Şafii'ye ait bu iki görüş şu meseledeki görüş ayrılığına dayalıdır:

"Nastan, onu tahsis eden bir mana [illet] istinbat etmek [çıkarmak] caiz midir, değil midir?". Daha doğru olan görüşe göre bu caizdir.

 

[Üçüncü görüş]: [Zayıf olan] bir başka görüşe göre ise nesepten mahrem olan kadına dokunmak abdesti bozmaz, diğer mahremlere dokunmak ise bozar.

 

Güçlü kabul edilen görüşe yönelik şöyle bir itiraz ileri sürülemez; "Nebi'in (s.a.v.) hanımları ile evlenmek haram olduğu halde onlara dokunmak abdesti bozar." Bu itiraz yersizdir; çünkü Nebi'in (s.a.v.) hanımları ile evlenmenin haram olması, onların kendi şahıslarından değil Nebi'in (s.a.v.) saygınlığından kaynaklanmaktadır. Bu sebeple son dönem alimlerinden biri şöyle demiştir:

"Bunu ancak zekası parlak olmayanlar bir itiraz olarak ileri sürebilir.

 

2. Mahrem olup olmadığında şüphe edilen kişi

 

[1] - Kişi, dokunduğu kadının mahremi olup olmadığında şüphe etse abdesti bozulmaz; çünkü aslolan abdestin devam etmesidir.

 

Alimlerin ifadelerinden ilk anda şöyle bir anlam anlaşılmaktadır "Mahrem olan kadın, sayısız yabancı kadının arasına karıştığında da hüküm böyledir". Bu anlam doğrudur.

 

Zerkeşi'nin "bu durumda kadına dokunmak abdesti bozar; çünkü erkek böyle bir durumda bir kadınla evlense nikahı caiz olur" görüşü doğrudan uzak bir görüştür. Çünkü -ileride geleceği üzere- abdest ne şüphe ne de zan ile ortadan kalkmaz.
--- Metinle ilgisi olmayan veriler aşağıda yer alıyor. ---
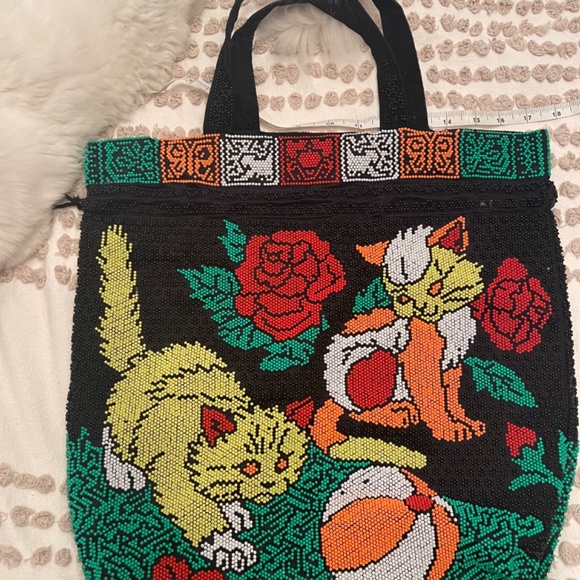 Vintage Beaded Bag with Cats & Roses & Balls - Picture 2 of 3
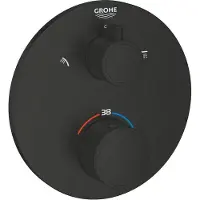 GROHE Grohtherm Douchemengkraan - afdekset - thermostatisch - 2 uitgangen - met omstelling - rond - matte black 1022082430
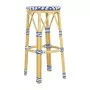 BOLERO - Tabourets de bar en rotin PE style parisien bleus (lot de 2)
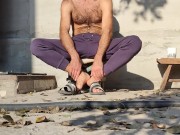 Weekend. Bask in the sun, autumn morning 7/16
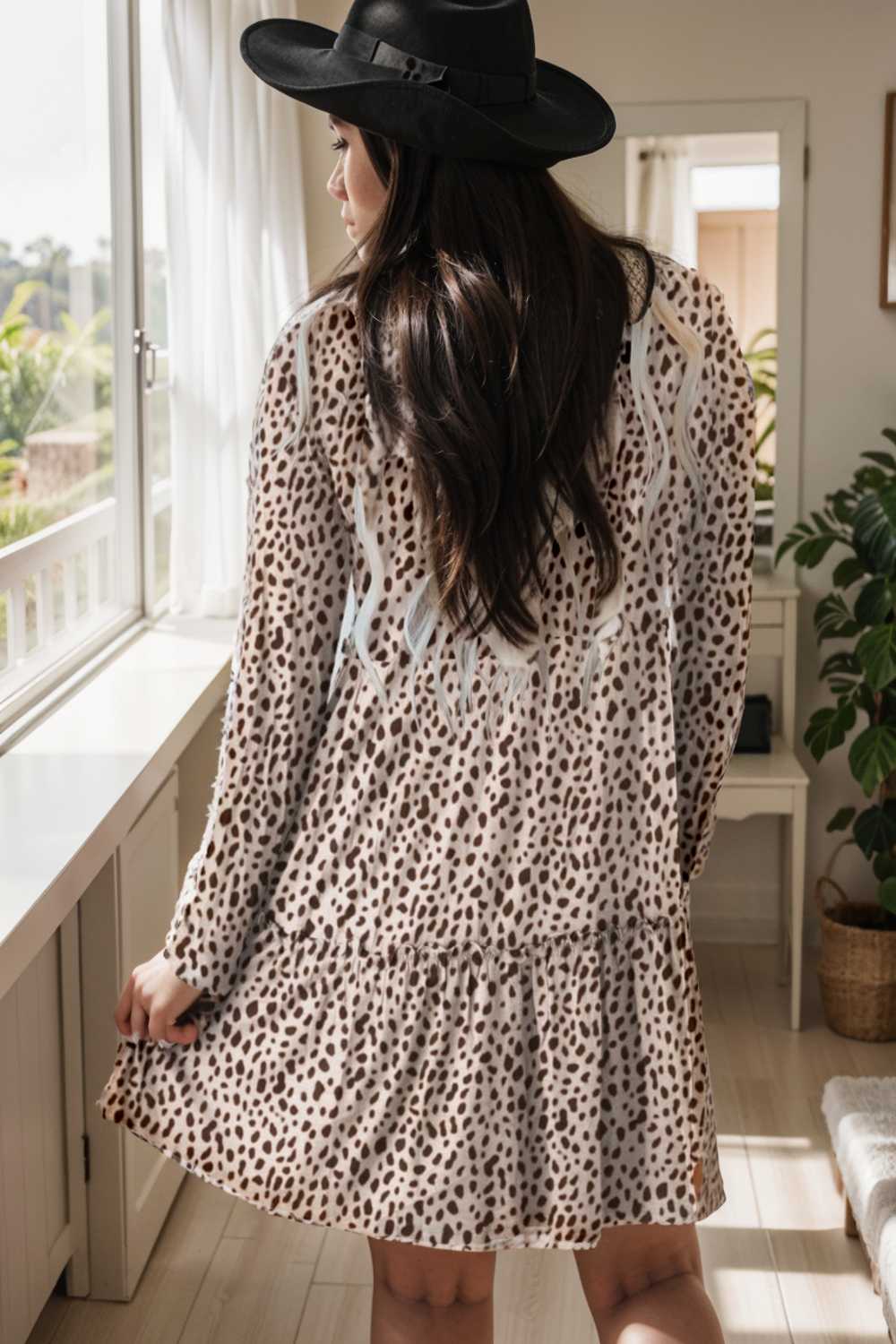 loose leopard print v neck dress drop shoulder a line closed cape paneled 106424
Nikaha gelince; bu durumda erkeğin evlenmesi haram kabul edilirse evlenme imkanı tamamen ortadan kalkar. Şayet erkek bu kadınlardan biri ile evlenirse ona dokunduğunda abdesti bozulur; çünkü hüküm parçalanamaz.

 

[2] - Şu durumlar da buna benzer: (Kıyas)

 

[a] - Kişi nesebi bilinmeyen bir kadınla evlense, kocanın babası, kadının [kendi kızı olduğunu ileri sürerek] nesebini kendisine bağlasa, [adamın oğlu olan] koca bunu kabul etmese kadının nesebi, nesep iddia eden şahsa bağlanır. Kadın, [hüküm açısından] kocasının kız kardeşi gibi kabul edilir, bununla birlikte evlilik sona ermez, o kadına dokunması halinde abdesti bozulur. Bunun gerekçesi belirttiğimiz husustur.

 

[b] - Kişi dokunduğu kadından beş kere süt emip emmediğinden, dolayısıyla onun kendisinin süt annesi olup olmadığından şüphe ettiğinde,

 

[c] - Dokunduğu kadını, annesinin beş kere emzirip emzirmediği, dolayısıyla onun kendisinin süt kız kardeşi olup olmadığnıdan şüphe etse,

 

Bu durumlarda yukarıda zikredilen detaylar geçerli olur. Yani erkek şayet bu kadınlarla evlenmemiş olursa onlara dokunması abdestini bozmaz. Çünkü şüphe ile abdestin bozulduğuna hükmetmeyiz. Şayet bunlarla evlenirse [o durumda dokunması ile abdest bozulur. Çünkü] hükümleri parçalara bölmeyiz. Nitekim hocam Remli bu yönde fetva vermiştir.

 

c. Dokunulan şahsın abdestinin hükmü

 

-Daha güçlü görüşe göre- dokunulan da dokunan gibidir [onun abdesti de bozulur].

 

"Dokunulan" erkek olsun kadın olsun dokunma fiilini gerçekleştirmeyen kişidir.

 

[Dokunulan kimsenin abdesti konusunda iki görüş vardır]:

 

[Birinci görüş]: Daha güçlü görüşe göre abdestin bozulması konusunda dokunulan şahıs da dokunan gibidir. Çünkü nasıl ki cinsel ilişkiyi yapan erkek ve kadın aynı anda ilişkinin tadını alıyorsa dokunmada da her iki taraf da bunun tadını alır.

 

[İkinci görüş]: Diğer görüşe göre dokunulan şahıs dokunan gibi değildir [onun abdesti bozulmaz]. [Bu görüşün biri ayetten diğeri de kıyastan iki delili vardır]:

 

> Ayetin zahiri [dokunulan değil] dokunandan bahsetmektedir.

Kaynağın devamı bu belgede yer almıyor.